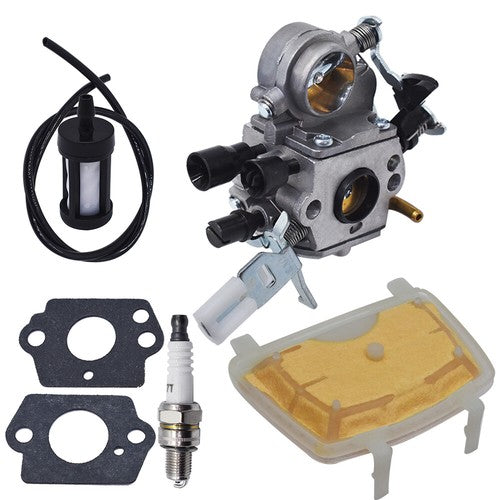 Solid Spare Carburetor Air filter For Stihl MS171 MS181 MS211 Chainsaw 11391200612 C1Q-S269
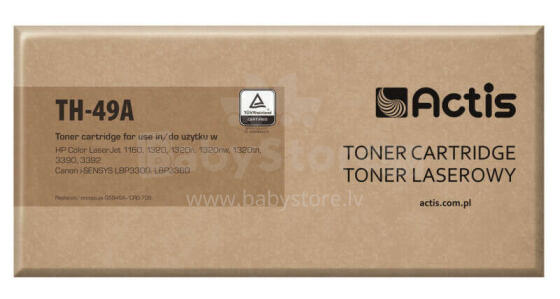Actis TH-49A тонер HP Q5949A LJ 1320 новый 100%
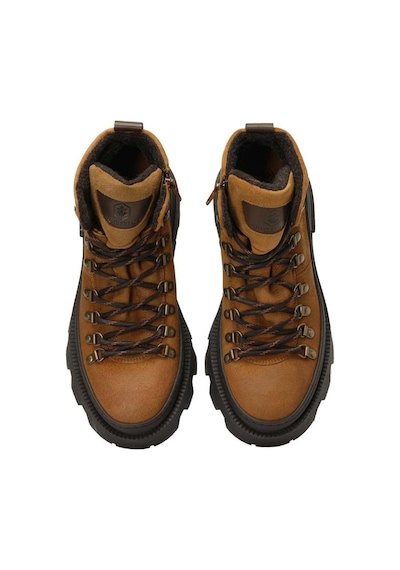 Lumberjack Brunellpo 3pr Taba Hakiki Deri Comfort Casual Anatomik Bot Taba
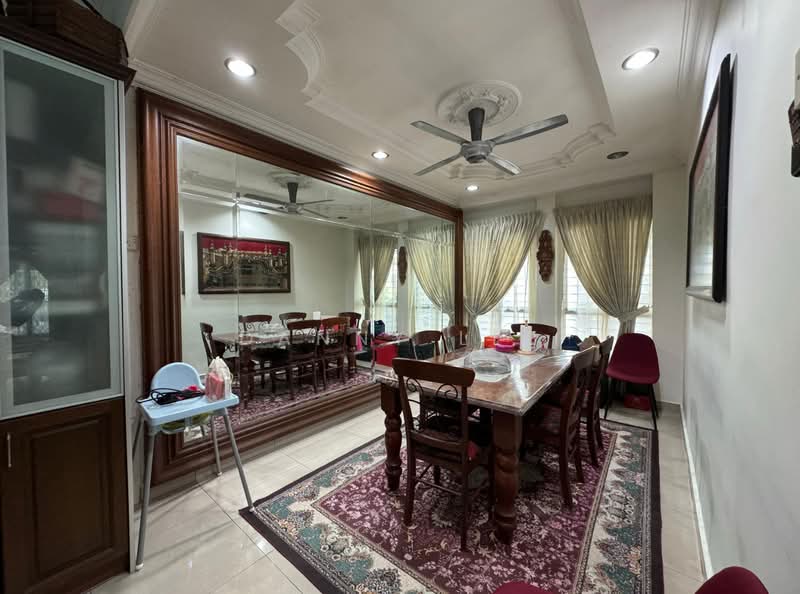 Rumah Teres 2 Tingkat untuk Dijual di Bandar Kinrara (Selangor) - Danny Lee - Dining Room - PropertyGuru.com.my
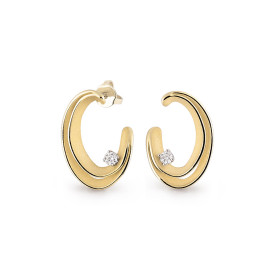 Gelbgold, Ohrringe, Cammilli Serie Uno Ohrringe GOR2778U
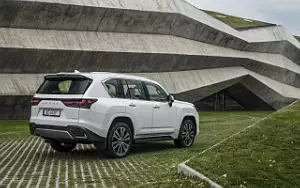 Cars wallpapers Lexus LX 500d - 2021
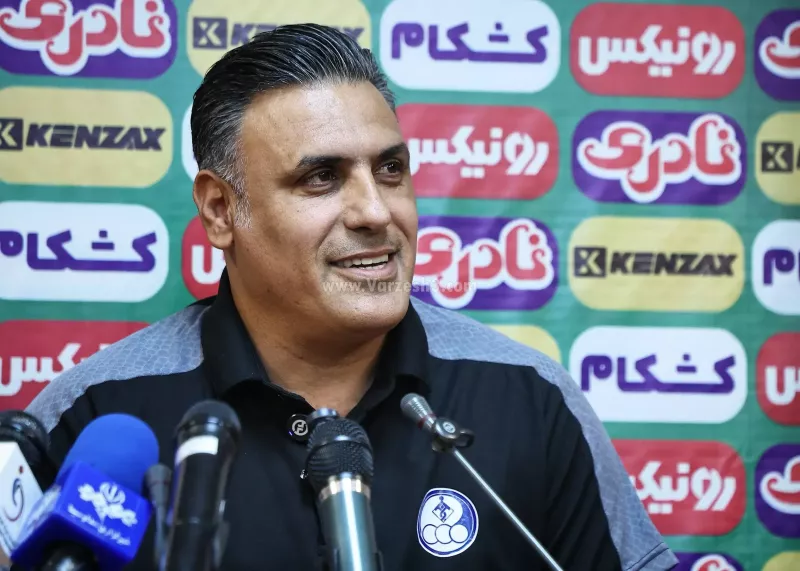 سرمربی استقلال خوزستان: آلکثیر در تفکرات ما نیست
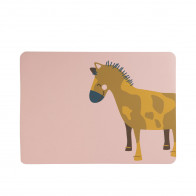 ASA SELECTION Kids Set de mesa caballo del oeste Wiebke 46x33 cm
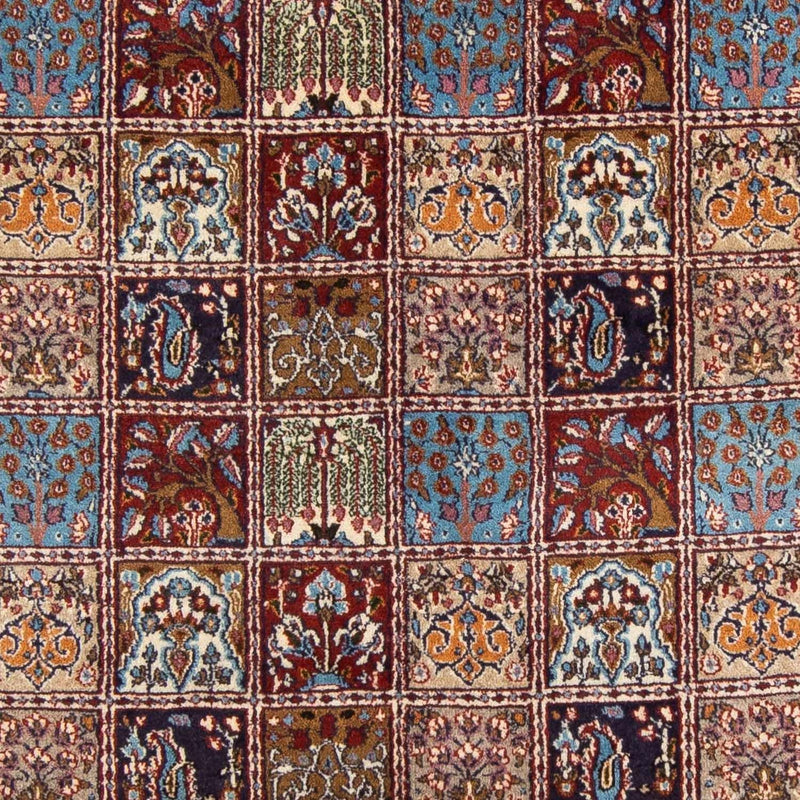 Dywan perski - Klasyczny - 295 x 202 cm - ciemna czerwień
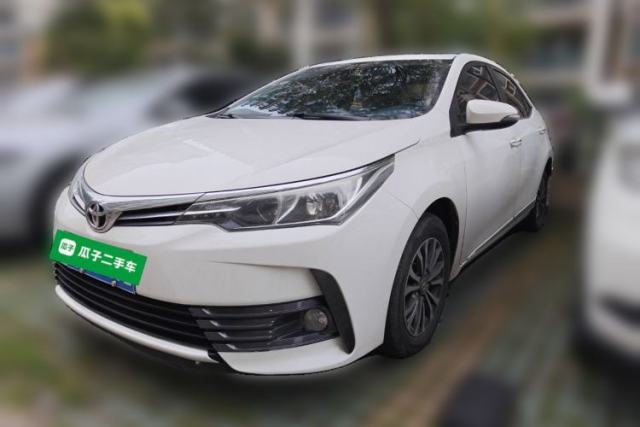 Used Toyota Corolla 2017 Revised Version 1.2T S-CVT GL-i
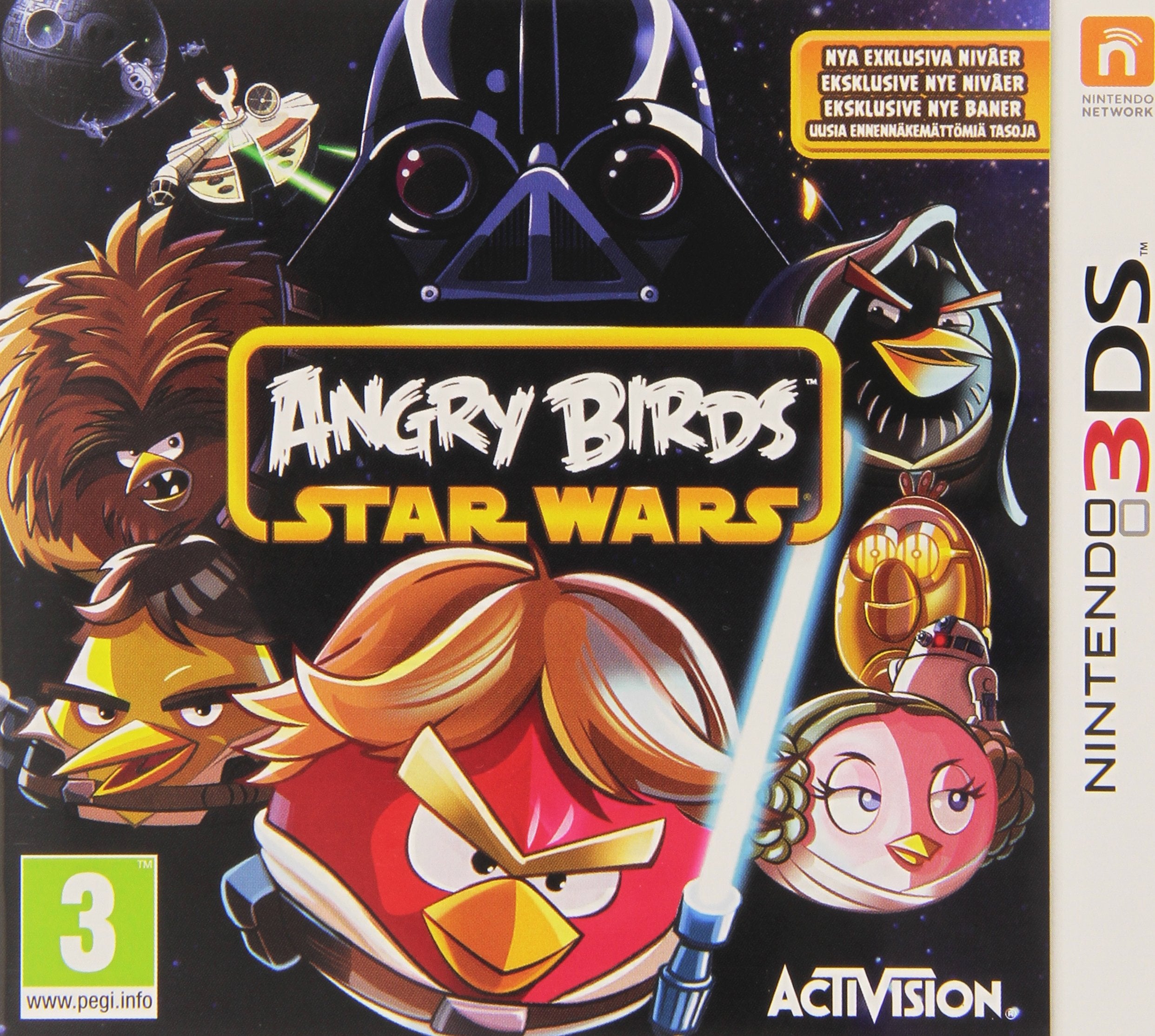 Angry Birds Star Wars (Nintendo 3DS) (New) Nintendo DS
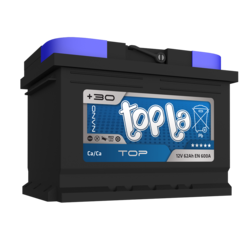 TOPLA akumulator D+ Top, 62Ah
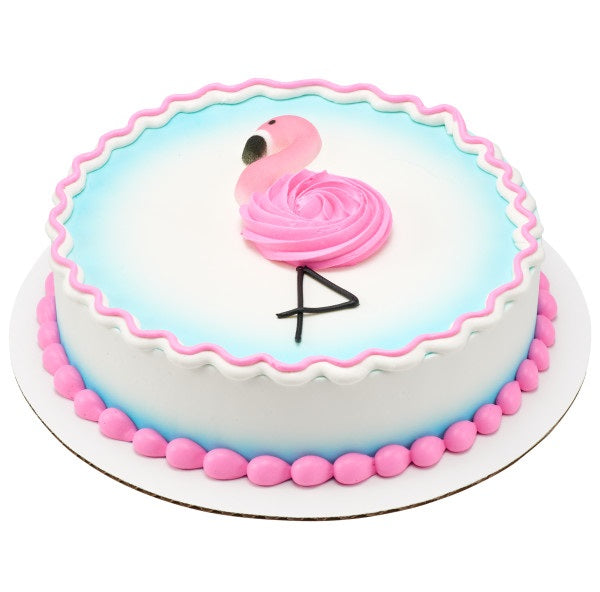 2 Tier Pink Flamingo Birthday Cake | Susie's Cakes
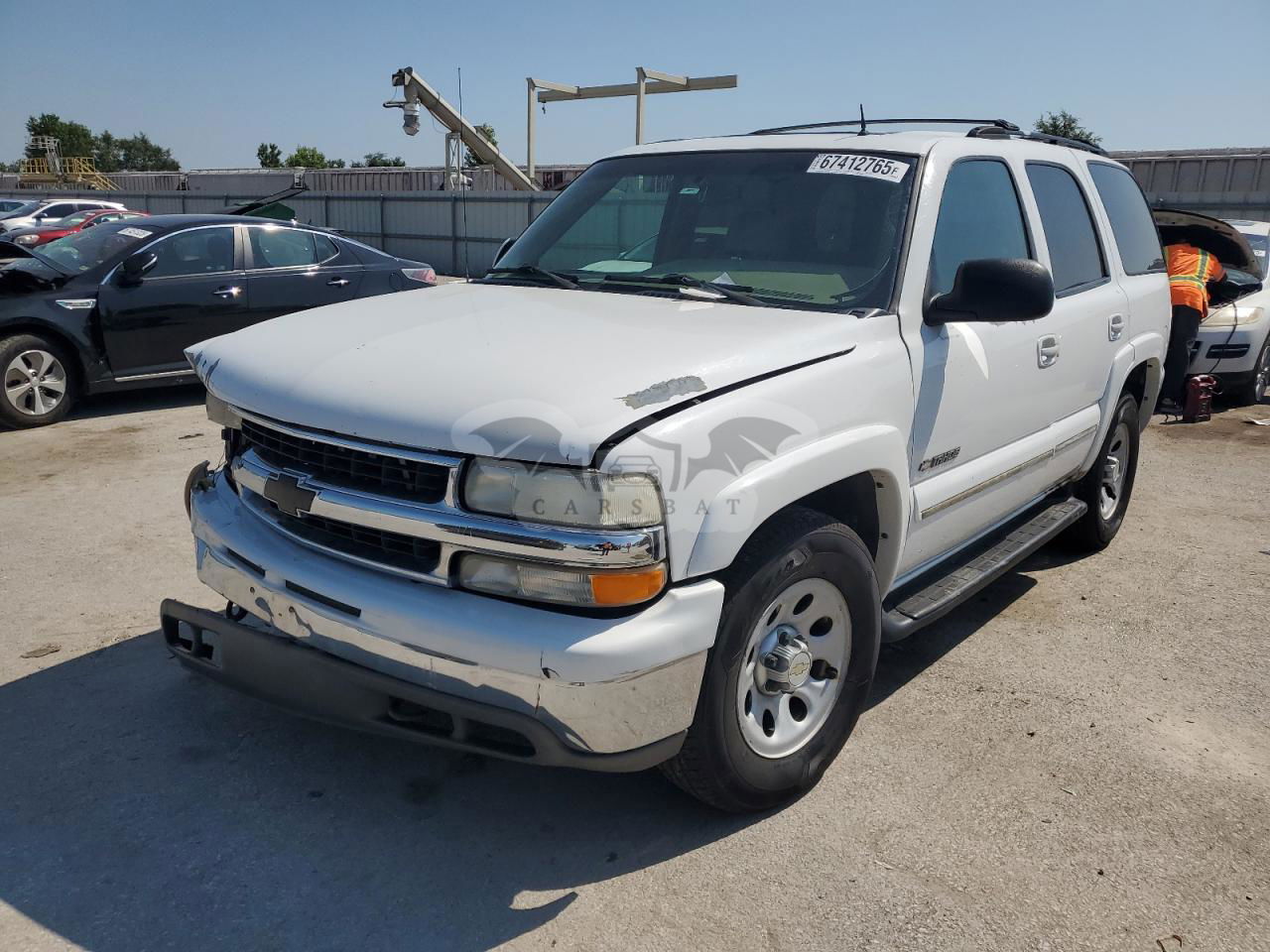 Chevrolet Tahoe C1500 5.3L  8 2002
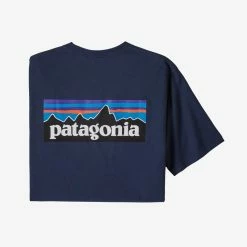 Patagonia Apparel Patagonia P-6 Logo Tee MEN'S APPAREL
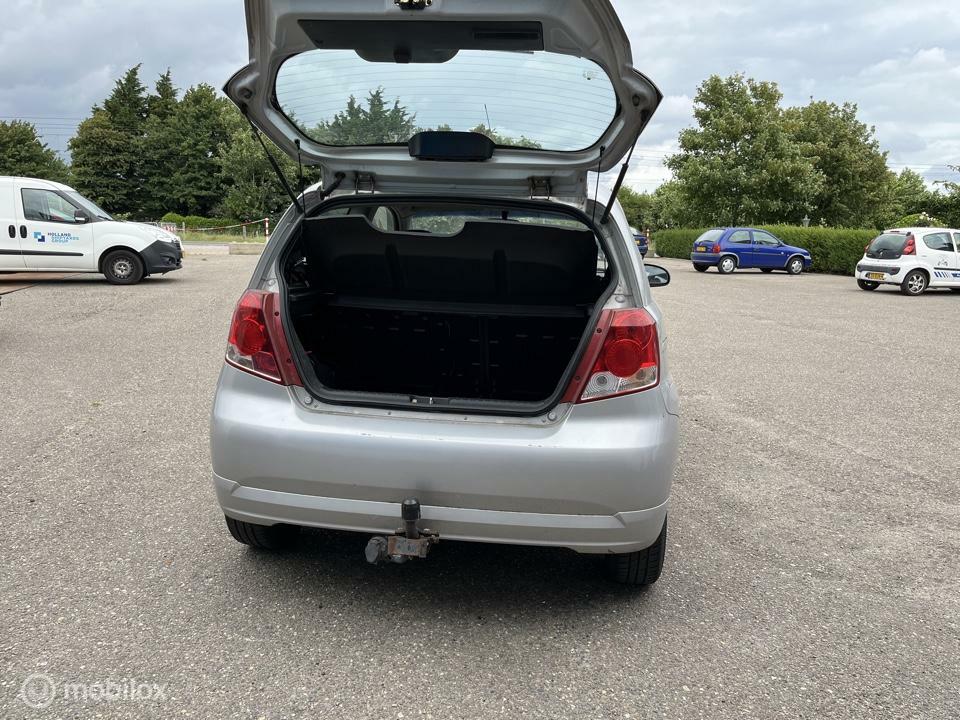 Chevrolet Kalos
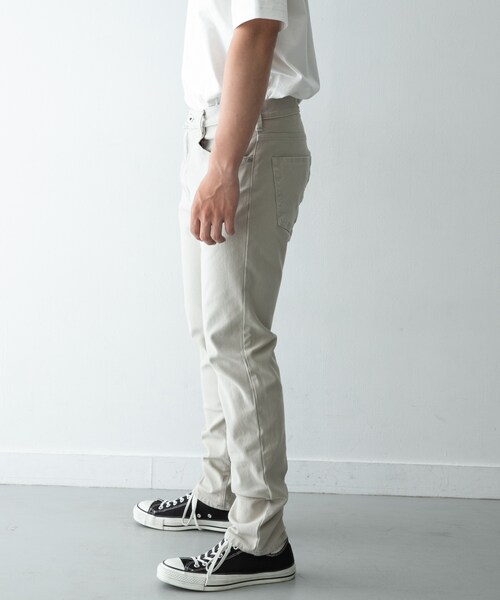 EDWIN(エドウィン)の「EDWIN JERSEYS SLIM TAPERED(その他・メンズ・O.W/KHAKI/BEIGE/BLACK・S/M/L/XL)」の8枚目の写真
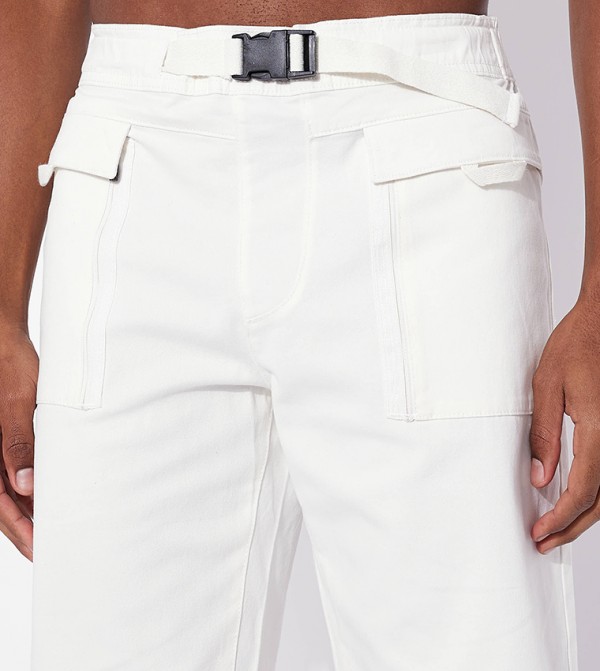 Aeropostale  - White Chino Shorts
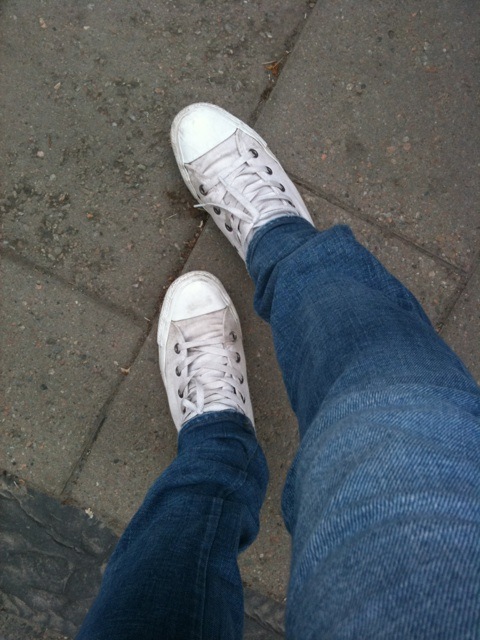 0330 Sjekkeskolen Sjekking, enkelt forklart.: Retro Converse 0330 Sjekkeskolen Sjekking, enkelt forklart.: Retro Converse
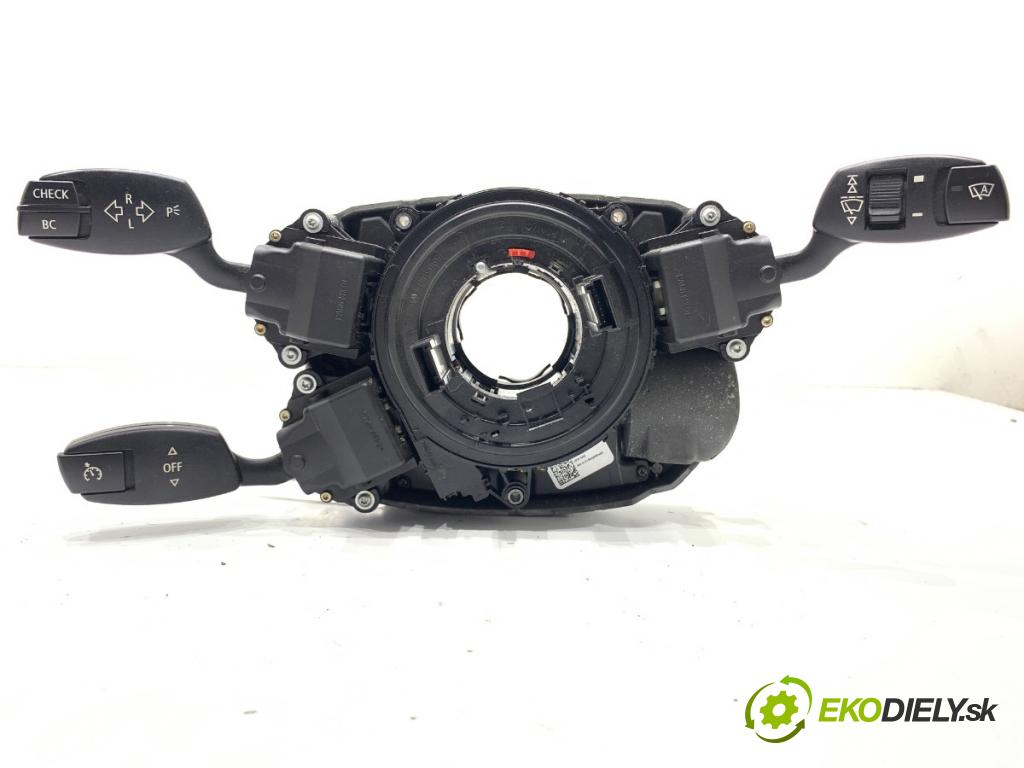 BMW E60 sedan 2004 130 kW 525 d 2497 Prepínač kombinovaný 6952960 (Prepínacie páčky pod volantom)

▬▬▬▬▬▬

- Work item -
Restate only the lines running from the start of the material above through the line containing "ASA SELECTION Kids", ends included. No pictures.

- Result for this exercise -
 Solid Spare Carburetor Air filter For Stihl MS171 MS181 MS211 Chainsaw 11391200612 C1Q-S269
Actis TH-49A тонер HP Q5949A LJ 1320 новый 100%
 Lumberjack Brunellpo 3pr Taba Hakiki Deri Comfort Casual Anatomik Bot Taba
 Rumah Teres 2 Tingkat untuk Dijual di Bandar Kinrara (Selangor) - Danny Lee - Dining Room - PropertyGuru.com.my
 Gelbgold, Ohrringe, Cammilli Serie Uno Ohrringe GOR2778U
 Cars wallpapers Lexus LX 500d - 2021
 سرمربی استقلال خوزستان: آلکثیر در تفکرات ما نیست
 ASA SELECTION Kids Set de mesa caballo del oeste Wiebke 46x33 cm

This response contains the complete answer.